Поэтому в своем богословском трактате к Евреям он сперва шаг за шагом демифологизирует пророчества, делая понятным для своих соплеменников мысль о необходимости избавления от закона, преодоления его. Но в преодолении закона его оппонентам видится то, что этим самым ликвидируется и все, требующее исполнения. «Дела». Если нет закона, то нет и призыва к действию, следовательно, не требуются и действия. Павел устраняет зазор между призывом и исполнением. Вера для него есть и то, и другое, но не в качестве «того и другого», не просто «два в одном», а одно, понимаемое таким цельным на ином регистре сознания. Павел старательно, нарочно и демонстративно даже игнорирует постановку вопроса о «делах», требующих исполнения.

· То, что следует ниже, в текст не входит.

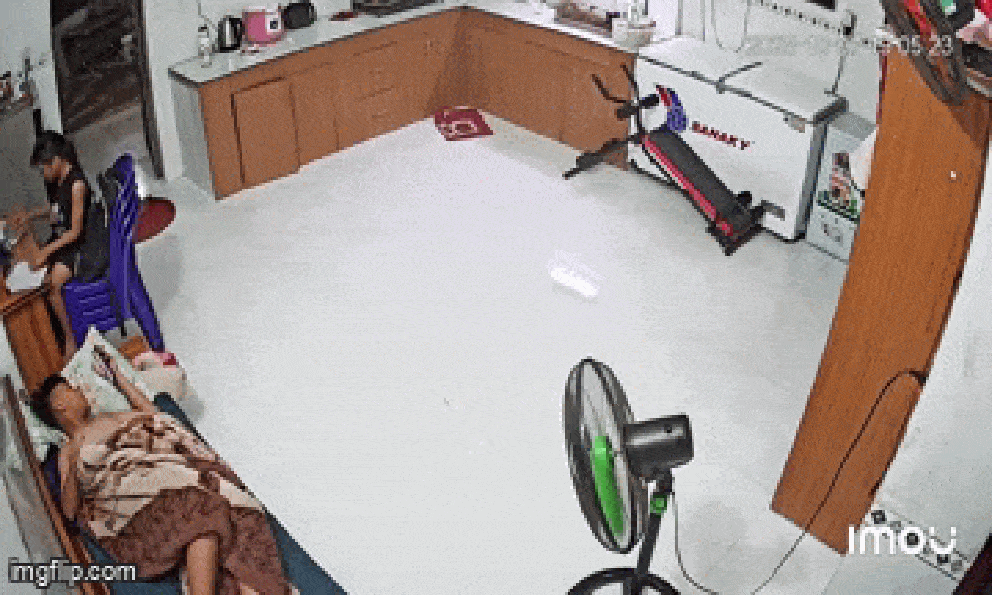 Clip anh trai 12 tuổi cõng em gái thoát nạn khi trần nhà sập hút 16 triệu lượt xem: Người mẹ lên tiếng 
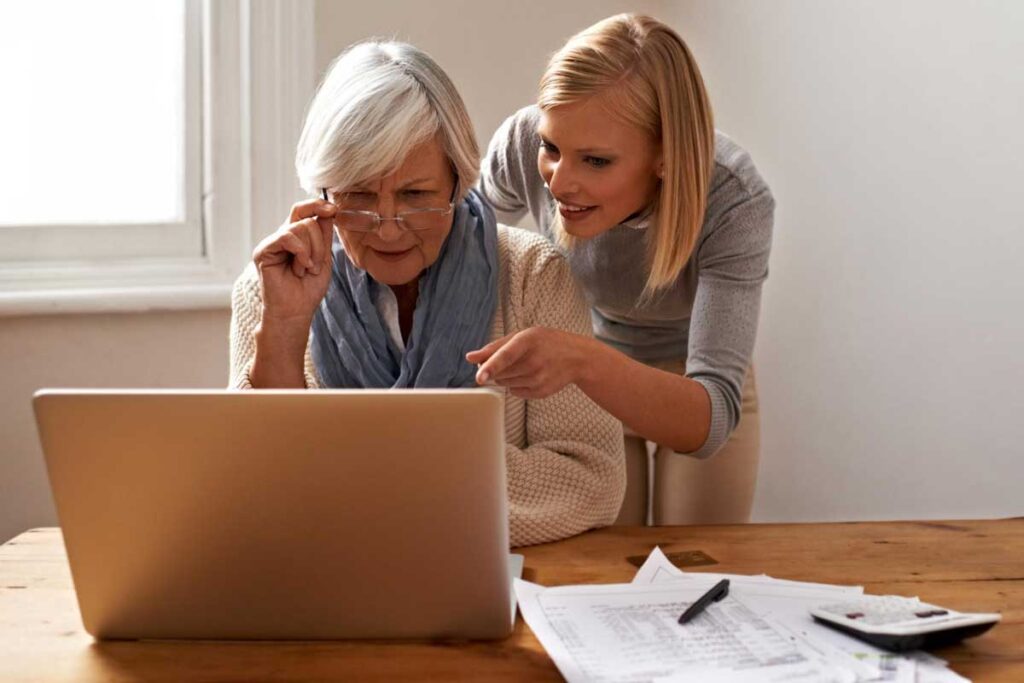 Conheça todas as regras sobre as deduções do apoio domiciliário no IRS. Veja a percentagem que pode descontar, o valor máximo da dedução, quem pode deduzir e como incluir o apoio domiciliário na declaração de IRS.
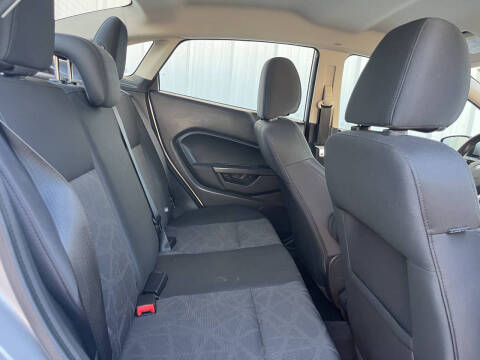 2013 Ford Fiesta SE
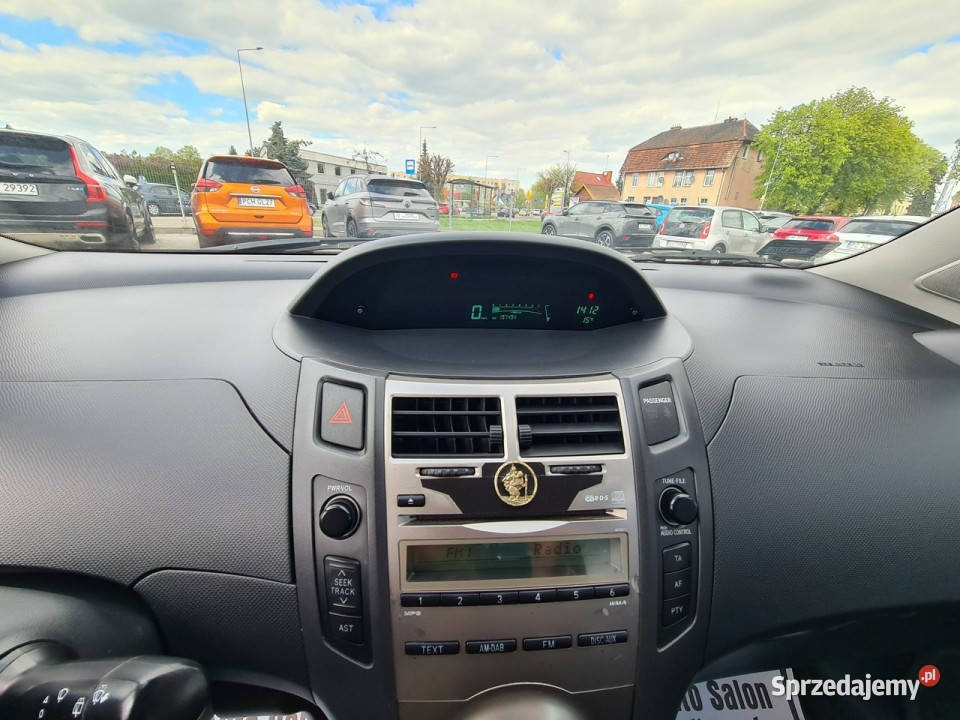 Toyota Yaris Klimatyzacja ElSzyby 5Drzwi Idealny wielkopolskie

Не значит ли, что он отрицает всякое благое действие? Нет, но для него такая постановка вопроса возвращает закон на место. Поэтому он просто неустанно говорит о единственном двигателе человека к Богу — о вере. В надежде, что слушатели поймут, что вера сама есть призыв и сама же есть его исполнение: «Вера — это исполнение желания при интеллектуальном согласии с очевидной логикой мироустройства». Человек должен хотеть добра и исполнять свое хотение. Как он старается исполнять всякие свои хотения. Хотение — самый сильный призыв. На него нет закона. Все очень просто.